Scraped caption text data
· · · · · · ·

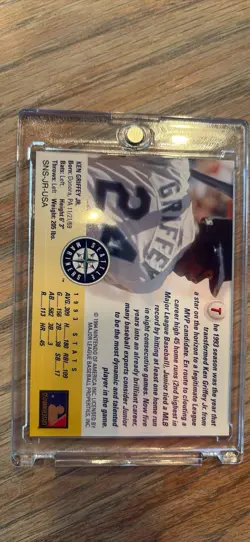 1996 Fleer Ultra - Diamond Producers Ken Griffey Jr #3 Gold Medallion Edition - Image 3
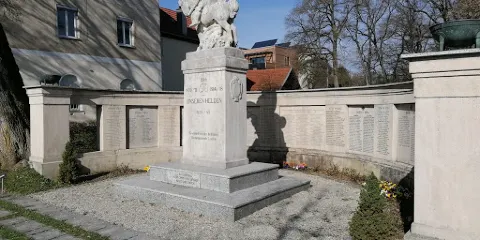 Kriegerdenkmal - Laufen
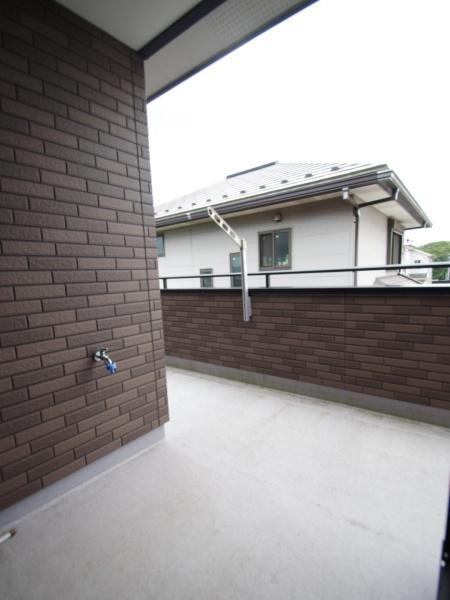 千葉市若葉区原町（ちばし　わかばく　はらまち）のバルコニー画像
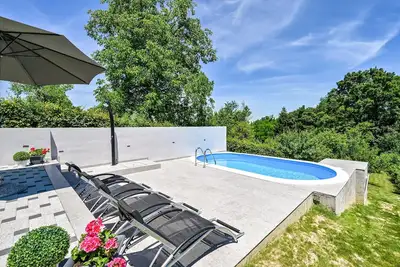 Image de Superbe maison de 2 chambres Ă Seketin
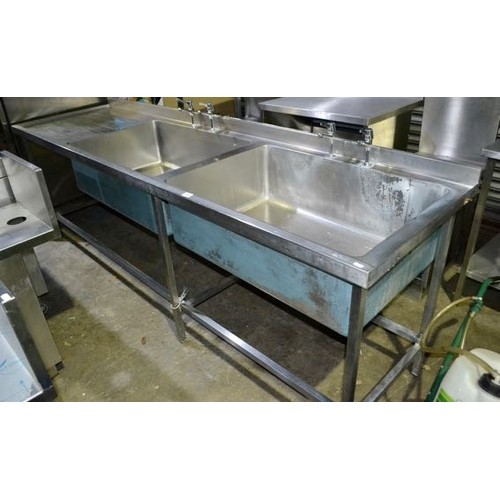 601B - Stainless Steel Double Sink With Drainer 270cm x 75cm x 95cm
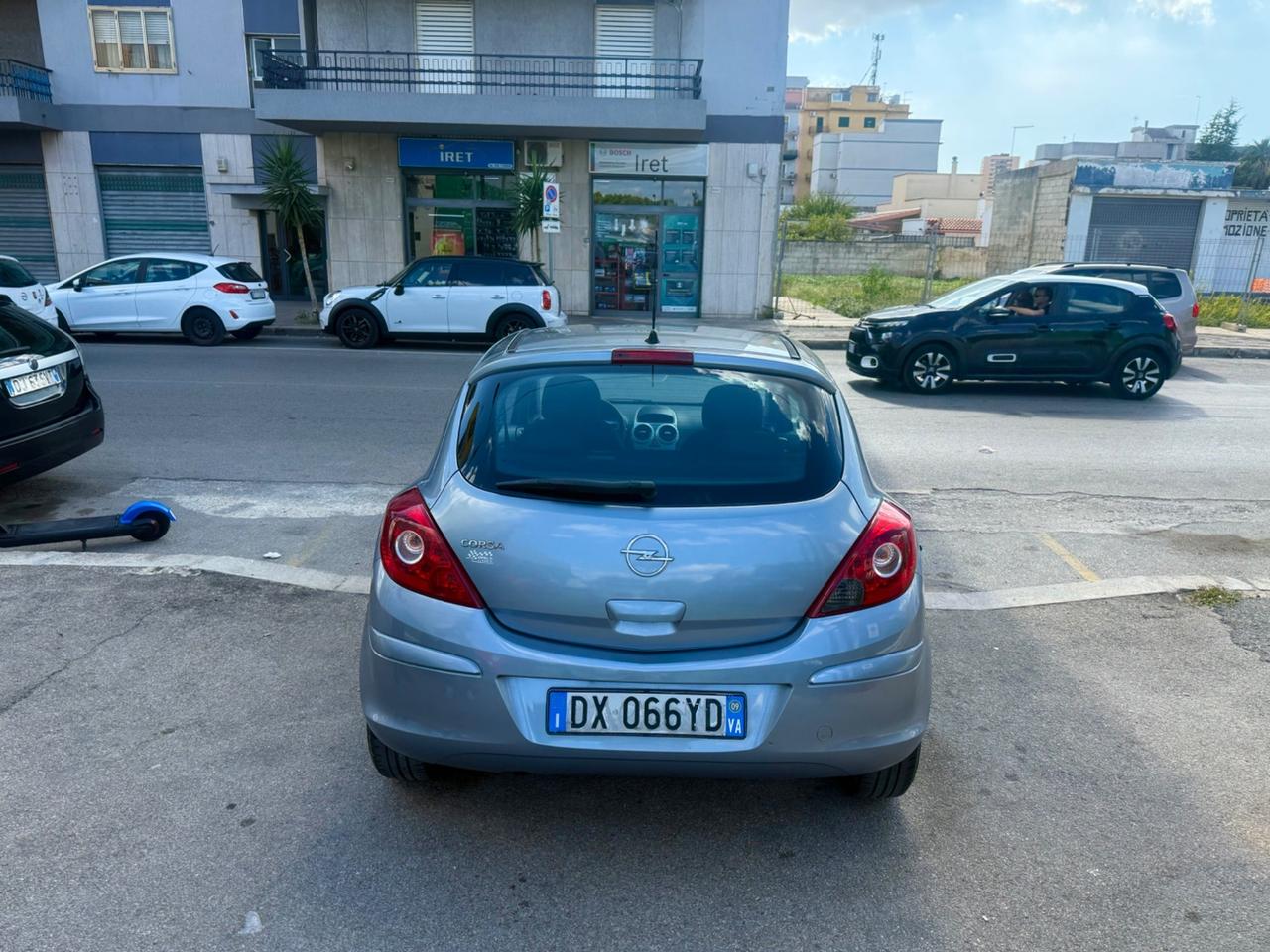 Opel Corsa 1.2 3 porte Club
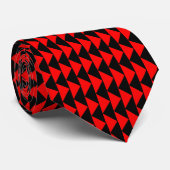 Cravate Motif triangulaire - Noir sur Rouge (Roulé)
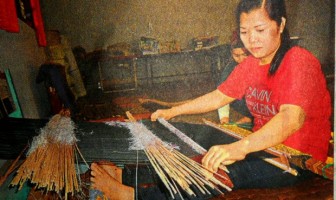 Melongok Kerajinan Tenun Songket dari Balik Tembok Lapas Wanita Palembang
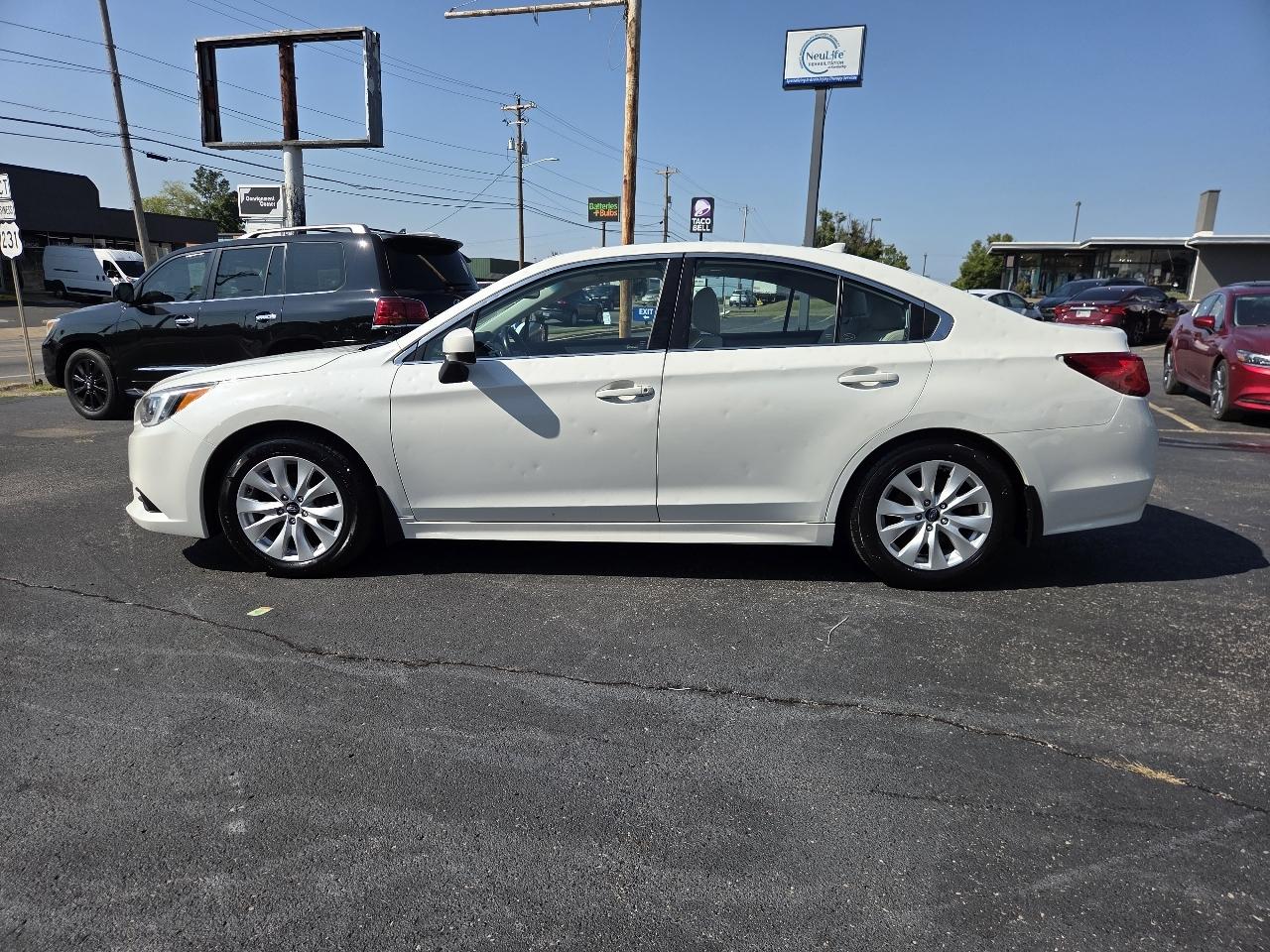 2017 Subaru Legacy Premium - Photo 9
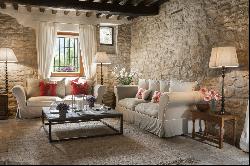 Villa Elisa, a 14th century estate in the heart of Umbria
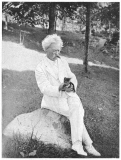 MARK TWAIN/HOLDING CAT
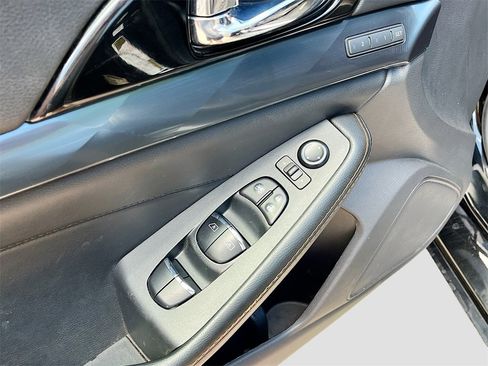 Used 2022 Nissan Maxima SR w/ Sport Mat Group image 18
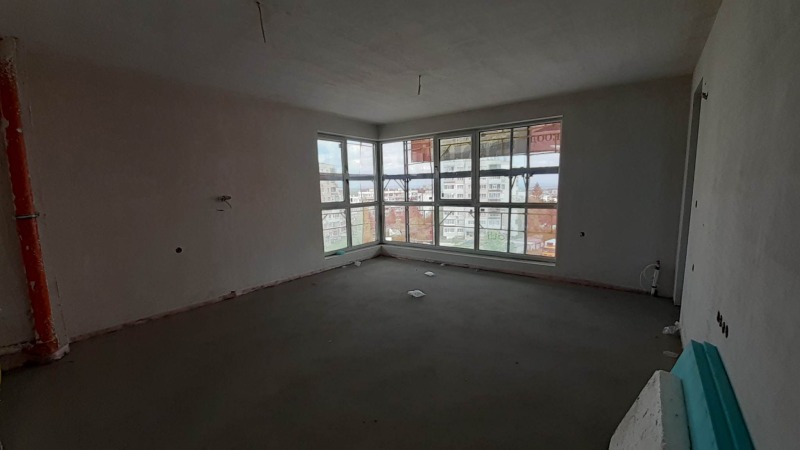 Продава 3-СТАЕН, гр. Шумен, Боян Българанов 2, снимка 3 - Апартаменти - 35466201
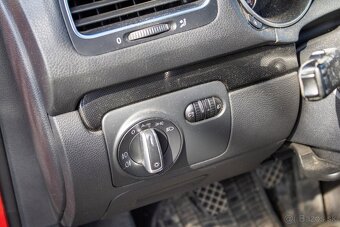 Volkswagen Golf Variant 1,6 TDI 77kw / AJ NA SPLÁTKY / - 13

· · · · · · ·

__Work item__: Write back the stretch of lines above that begins with the line holding "Opel Corsa 1.2 3 porte Club" and ends with the line holding "Used 2022 Nissan", both included, exactly as written. Pictures stay out.

__Written solution__:
 Opel Corsa 1.2 3 porte Club
 Cravate Motif triangulaire - Noir sur Rouge (Roulé)
 Melongok Kerajinan Tenun Songket dari Balik Tembok Lapas Wanita Palembang
 2017 Subaru Legacy Premium - Photo 9
 Villa Elisa, a 14th century estate in the heart of Umbria
 MARK TWAIN/HOLDING CAT
 Used 2022 Nissan Maxima SR w/ Sport Mat Group image 18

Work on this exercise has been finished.